Avec Silence, je tutoie encore la mer (éditions Milot), André Fouad inscrit sa poésie dans une éthique du retrait. À rebours de la logorrhée contemporaine, il choisit le peu, le murmure, la phrase qui s’efface presque au moment de naître. La mer, chez lui, n’est pas métaphore nationale, mais entité intime, mémoire liquide, lieu d’adresse. Ce type d’écriture, qui exige lenteur et disponibilité, est structurellement désavantagé dans un champ littéraire dominé par l’urgence politique et médiatique. Fouad est « manquant » parce que sa poésie refuse d’être événement.

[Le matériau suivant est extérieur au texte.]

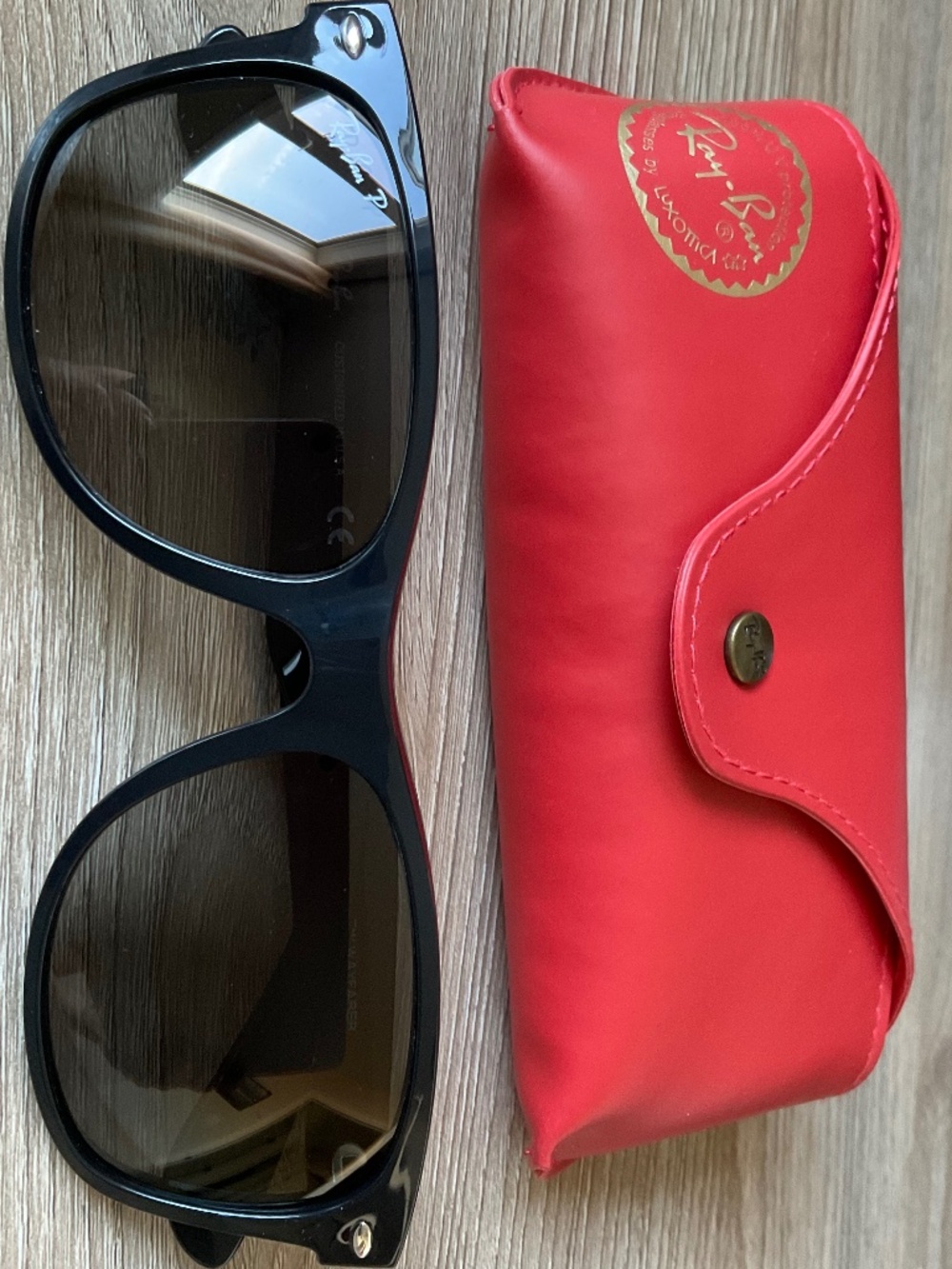 Ray Ban Wayfarer - New Style - Black Polarized Frames w/ Grey Gradient Lenses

Johanne Joseph poursuit un travail exigeant sur l’intime, la transmission et la survivance des corps féminins dans un espace social violent. Son écriture, d’une grande densité émotionnelle, ne cherche pas l’effet, mais l’inscription durable. Or, la littérature haïtienne contemporaine continue de reléguer nombre de voix féminines à une reconnaissance périphérique, comme si le sensible était moins légitime que le spectaculaire. L’absence de Johanne Joseph est aussi éditrice des éditions cérébrales dans les bilans est moins une omission qu’un symptôme.
Jephte Estiverne
Nominé cette année avec trois livres différents et couronné par un prix notable, Jephte Estiverne devrait logiquement occuper une place centrale. Pourtant, sa réception demeure éclatée, fragmentaire. L’institution peine à penser une œuvre prolifique autrement que par morceaux. Estiverne paie le prix de sa fécondité : trop présent pour être saisi dans sa globalité, trop multiple pour être classé. Il est l’illustration parfaite d’un champ critique en manque d’outils d’analyse longitudinale.

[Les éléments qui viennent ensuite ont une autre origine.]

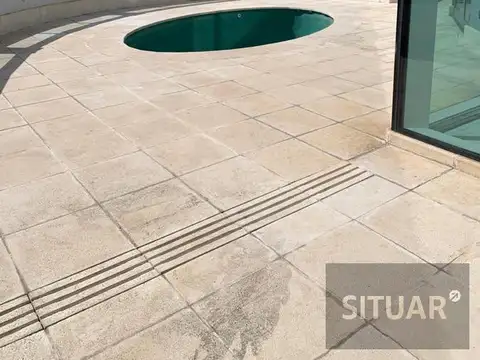 Venta departamento con piscina propia y cocheras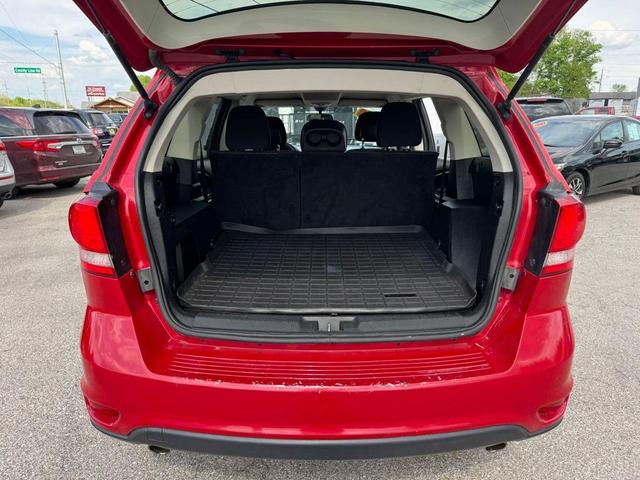 Photo of 2014 Redline 2 Coat Pearl Dodge Journey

Richardson Auguste avec Tennfas s’impose comme un texte d’une rare maîtrise narrative. Richardson Auguste y déploie une langue précise, tendue, où chaque phrase semble porter une charge éthique. Le roman interroge les fractures sociales sans céder à la facilité du discours militant. Et pourtant, malgré l’adhésion des lecteurs avertis, le livre n’a pas bénéficié de l’écho critique qu’il mérite. Ce silence relatif interroge la capacité de nos institutions à reconnaître l’excellence formelle quand elle ne s’accompagne pas d’un dispositif médiatique puissant.
Avec une vente-signature remarquablement organisée au Canada, Darly Renois a rappelé que l’écrivain haïtien contemporain est aussi un acteur de la circulation culturelle. Dans un contexte de fragilité éditoriale, organiser la rencontre avec le lectorat devient un acte politique. Or, cette dimension logistique, stratégique, presque militante du travail littéraire est rarement valorisée. Renois est « manquant » parce que le champ critique persiste à séparer l’œuvre de ses conditions matérielles d’existence.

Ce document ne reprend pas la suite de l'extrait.